Little better pic. I just cant seem to capture the figure and color in this one.



It's a big old honkin bowl. About 6" tall.

Reactions: Like 3 | EyeCandy! 2 | Way Cool 1


----------



## TimR (Feb 2, 2020)

Time flies when drying big bowls, eh? Pretty massive bowl with nice streaking and chatoyance. Great job on the finishing, really brings it all out.

Reactions: Thank You! 1


----------



## trc65 (Feb 2, 2020)

Just about the right size for a popcorn bowl!

Beautiful bowl, color and streaking is fantastic!

Reactions: Thank You! 1 | Agree 1


----------



## woodtickgreg (Feb 2, 2020)

My cole jaws are not big enough, they where ok for my old lathe but not the new laguna. I gotta get a new larger set. Extensions aren't available for my old 10" jaws.


----------



## Tony (Feb 2, 2020)

I missed this thread the first time around, tough reading Kevin's posts...

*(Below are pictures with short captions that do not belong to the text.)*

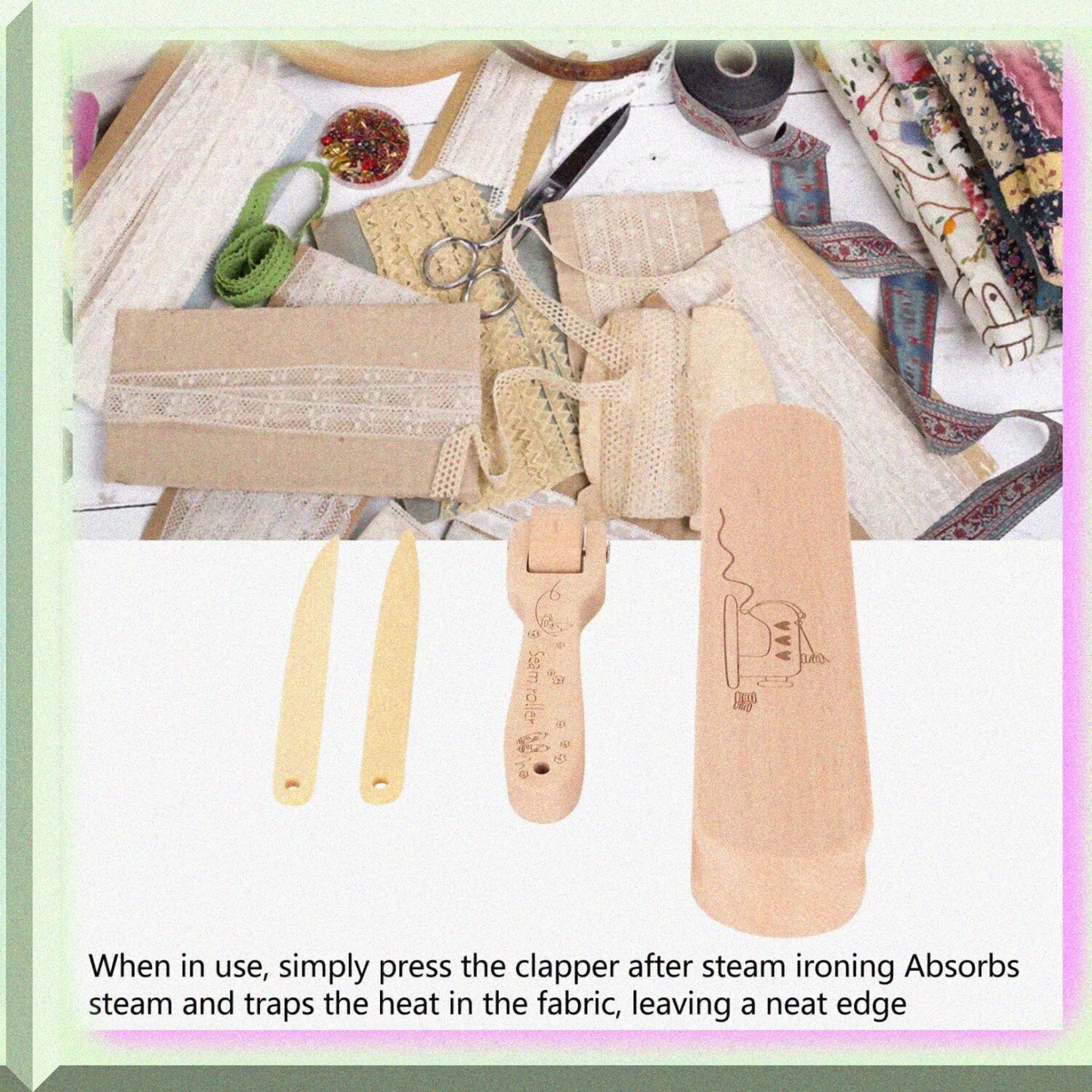 Wooden Sewing Tools Set with Clapper, Roller, and Turners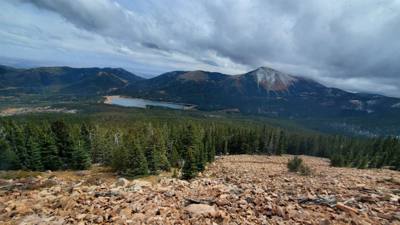 We took a train up to the summit of Pike's Peak in Colorado.  At the base...sunny and relatively warm.  At the  summit? 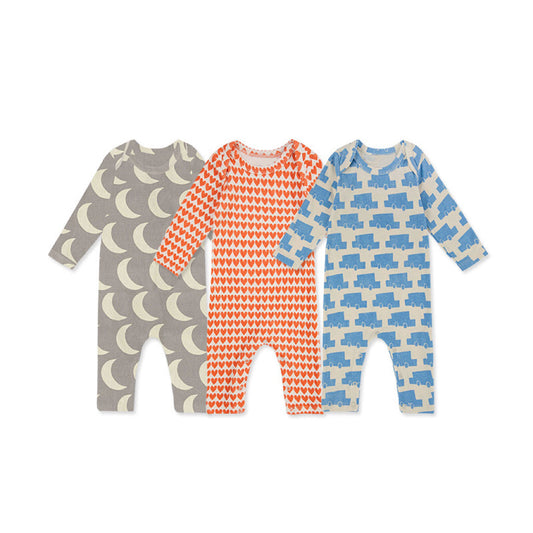 Baby Heart Print Pattern Envelope Collar Long Sleeve Romper-1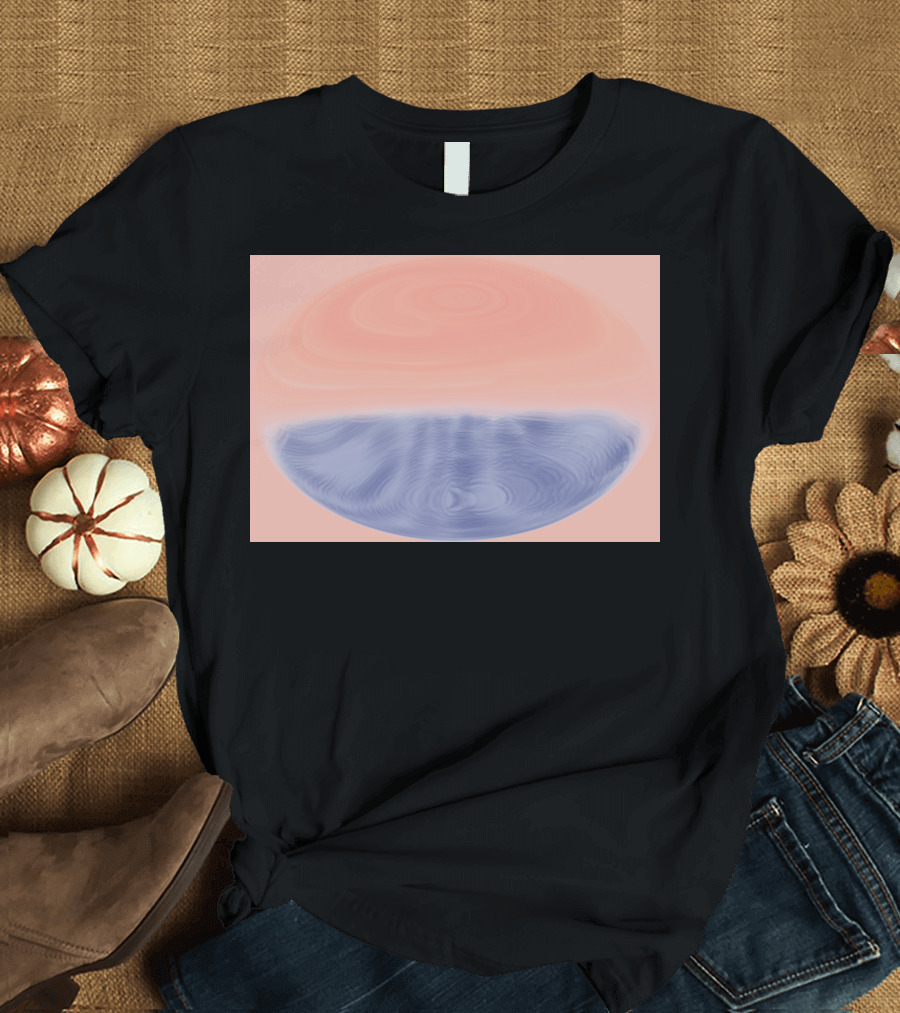 Surrealism Surrounded: Abstract Peach and Blue Swirl Sphere T-Shirt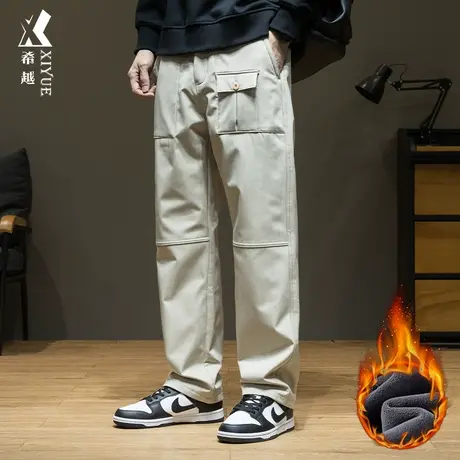 希越奥粒绒男士休闲直筒裤秋冬季宽松大码加绒加厚美式工装长裤子商品大图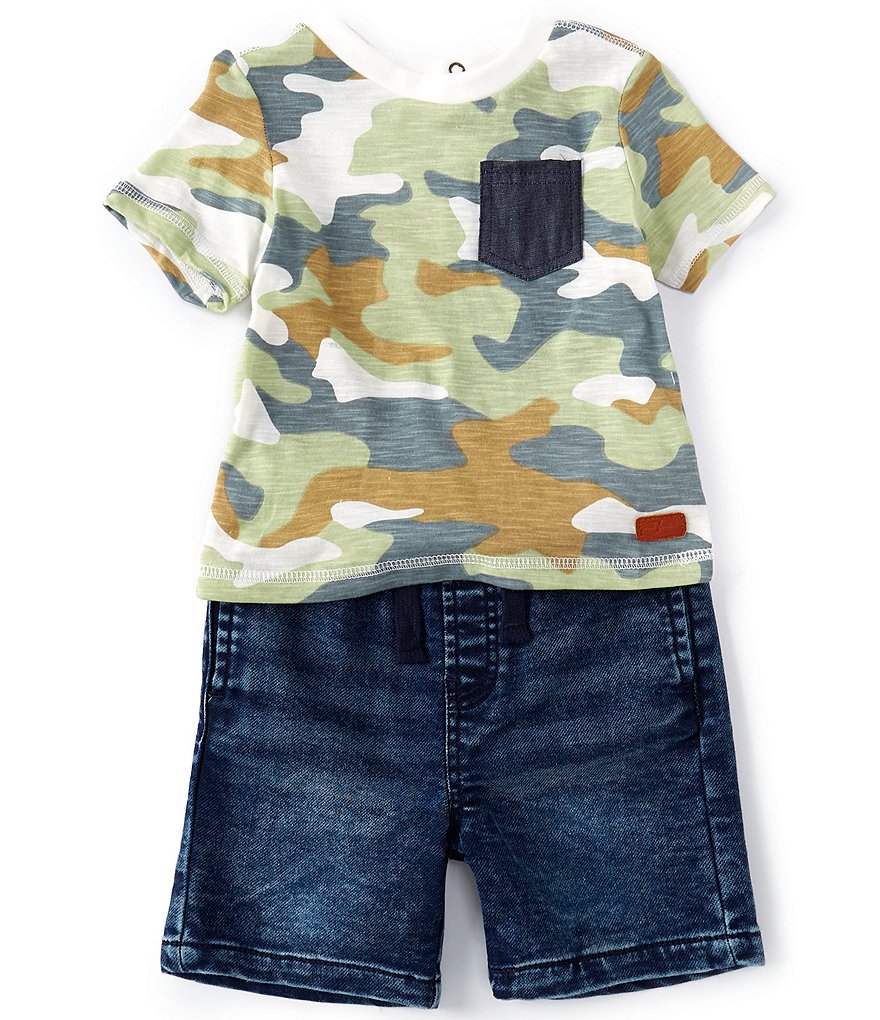 7 for all mankind Baby Boys 12-24 Months Camo Print Short Sleeve Pocket Top & Knit Denim Shorts Set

How is Duck, anybody know?

Reactions: Agree 3


----------



## woodtickgreg (Feb 3, 2020)

Tony said:


> I missed this thread the first time around, tough reading Kevin's posts...
> 
> How is Duck, anybody know?


Tough reading Kevin's post but also makes me smile at the same time. Duck just disappeared, doesn't stay in touch with me anymore. Things happen, life changes, and people move on. I do miss both of them.

Reactions: Agree 2 | Sincere 1


----------



## woodtickgreg (Feb 3, 2020)

Well I ordered the larger nova cole jaws with the extensions. Believe it or not the best price I found online was through home depot.

Reactions: Like 2


----------



## DKMD (Feb 3, 2020)

Sweet bowl! I like the shape and size, and of course, the ambrosia and curl doesn’t hurt.

Reactions: Thank You! 1


----------



## sprucegum (Feb 3, 2020)

Thanks for finishing up on a old thread. Great looking bowl.

Reactions: Thank You! 1


----------



## woodtickgreg (Feb 3, 2020)

DKMD said:


> Sweet bowl! I like the shape and size, and of course, the ambrosia and curl doesn’t hurt.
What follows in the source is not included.